The run course took three scenic loops on a primarily dirt trail around the lake. Beautiful, but a little frustrating when it comes to keeping track of who’s ahead of you. Playing catch up wasn’t my only concern. With my friends story fresh in my mind I found my legs feeling terrible throughout the first three kilometres. The pace was slow and getting slower. Thankfully, the winds that terrorised the bike course were also in play on the run. I just hadn’t noticed them. Once on the far side of the lake the wind was at your back and increasing the pace came naturally. Having the latter half of each lap feel slightly better made the going that much easier. I never felt like I did in Western Sydney but I managed to hold the pace even and come away with the fastest run split. I moved from 17th place up to 7th, agonisingly short of the 6th professional. It should be noted that stand out amateur Hayden Armstrong later clocked the 5th fastest time. This moved me to 8th overall. From where I started the run this was a great result and dipping under four hours overall made the effort feel worthwhile. Despite the time gaps on the bike, there was only five minutes between second and twelfth. At the finish I was able to congratulate Nick Baldwin on his third place performance which came off the back of the fastest bike.
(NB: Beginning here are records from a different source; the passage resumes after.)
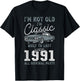 1991 Classic Car 35th Birthday T-Shirt - T-Shirt | Black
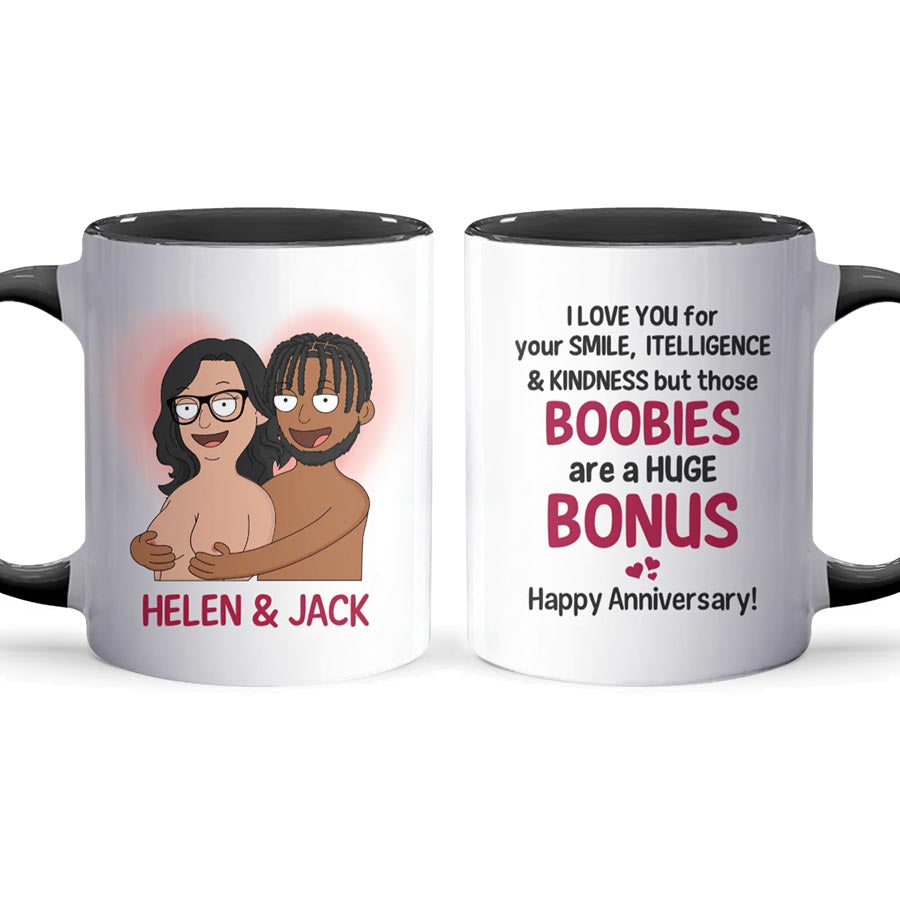 A Huge Bonus - Personalized Accent Mug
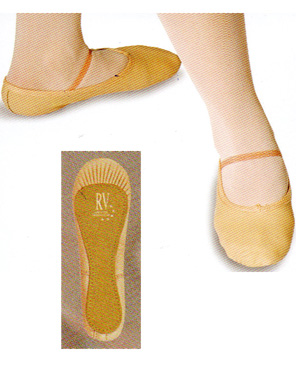 WIDE FIT LEATHER BALLET SHOE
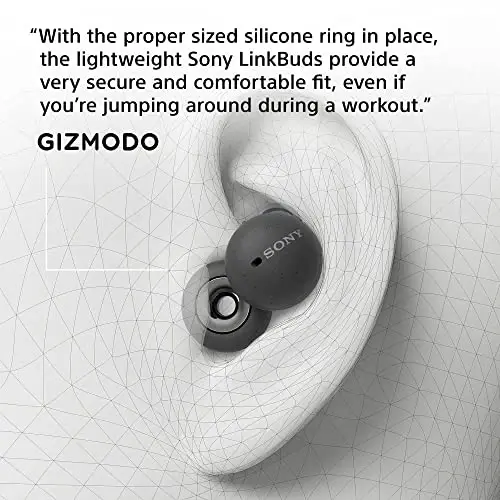 Sony LinkBuds Truly Wireless Earbud Headphones with an Open-Ring Design for Ambient Sounds and Alexa Built-in, Bluetooth Ear Buds Compatible with iPhone and Android, White - 3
So the experiment? I’d call it a success. As of writing this my body is sending me mixed messages. Post race soreness is not to be found. Nor is energy. I now feel like I am strong enough to race 70.3 races two weeks apart. However, I still don’t think it is ideal due to the unavoidably taxing nature of these efforts. Will I do it again? Only if the circumstances demand it. For now I am unsure of my 2016 calendar. I have ideas and plans but they are not set in stone. On one hand, I’d like to partake in the local South Australian Olympic distance races but I don’t want to compromise on racing over the 70.3 distance. I’ll work it out as I go, but I’d tip Challenge Melbourne as my next appearance. In the meantime, I’ll enjoy Christmas and my new professional 70.3 ranking as #100 in the world. It feels pretty special to break into the top hundred for the first time.
Happy Christmas to all. Make use of the Mistletoe and return to training slowly.